Pam is overseeing Bill’s grave-digging technique in the cemetery. Apparently, this is all part of the ritual. Bill (Stephen Moyer) drinks Jessica’s blood, Jessica drinks Bills blood, Bill and Jessica spoon in the grave, Jessica emerges a vampire. I don’t get it either, but that had to do something different than what’s been done before. Bill is a little apprehensive about what he’s done. He still doesn’t like the fact that she was an innocent girl, but Pam thinks he should consider himself a hero. He proceeds to hop in the hole with his new child and Pam covers them with dirt. Um, don’t let the bed bugs bite.

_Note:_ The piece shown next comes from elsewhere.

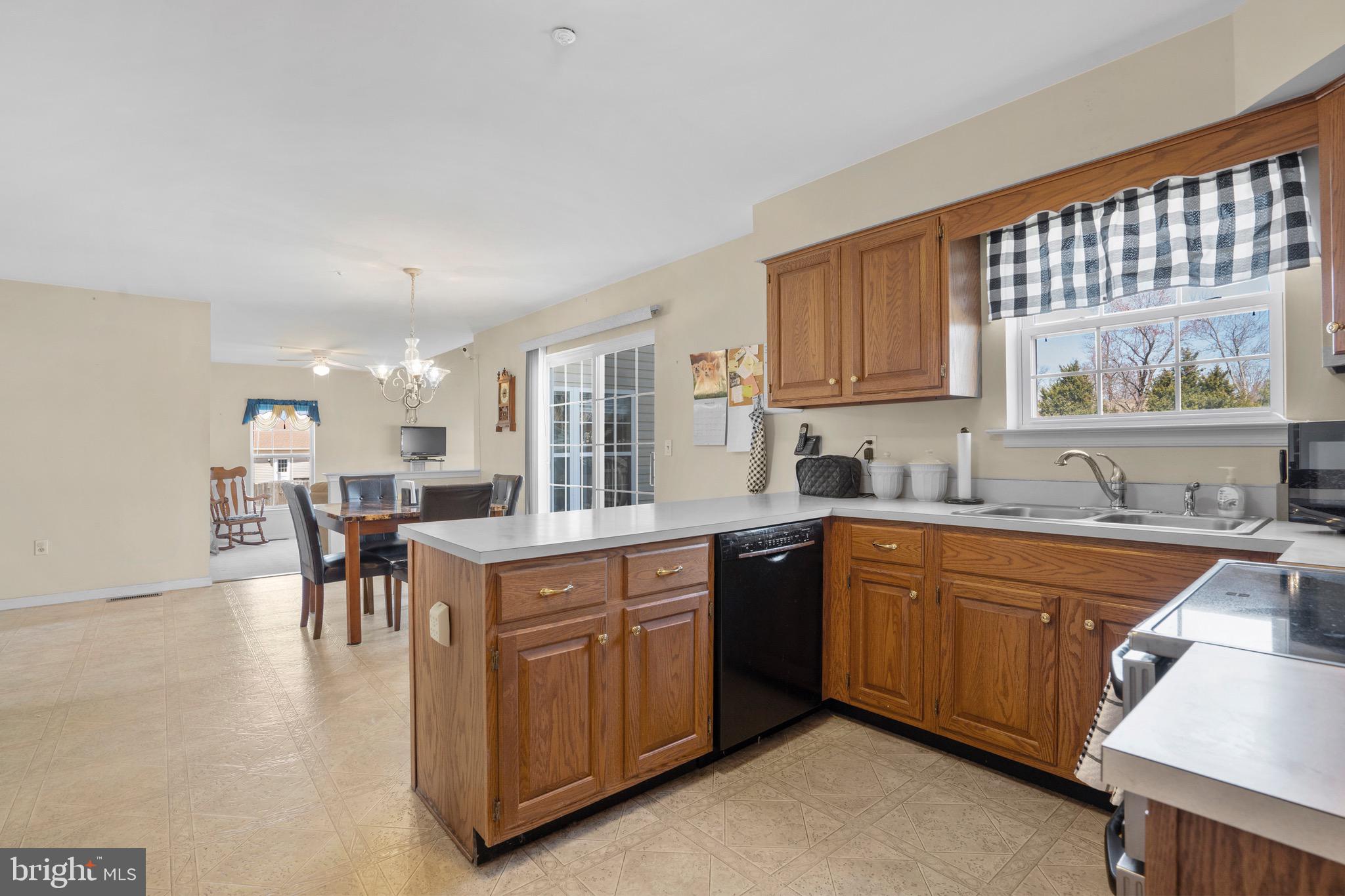 HAMMERSMITH FARM - Residential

Sam is still looking after Sookie (Anna Paquin) for Bill, but he’s doing a piss-poor job of it. Sookie was attacked at the bar earlier, and she’s shaken up about it. Sookie is fixing the couch up for Sam to sleep on while they discuss what exactly happened. She saw the guy’s thoughts, and it seems that they were pretty sinister. She only saw flashes of a girl. She looked scared and was wearing a waitress uniform, only she can’t read the nametag. Then the conversation shifts to Bill. Sookie knows that Bill was able to feel her fear since they’re so connected and whatnot. She says that since Bill didn’t show up tonight, he’s probably not coming back. Sam and Sookie stare at each other for a minute, then she goes to bed. Am I sensing some flaring hormones?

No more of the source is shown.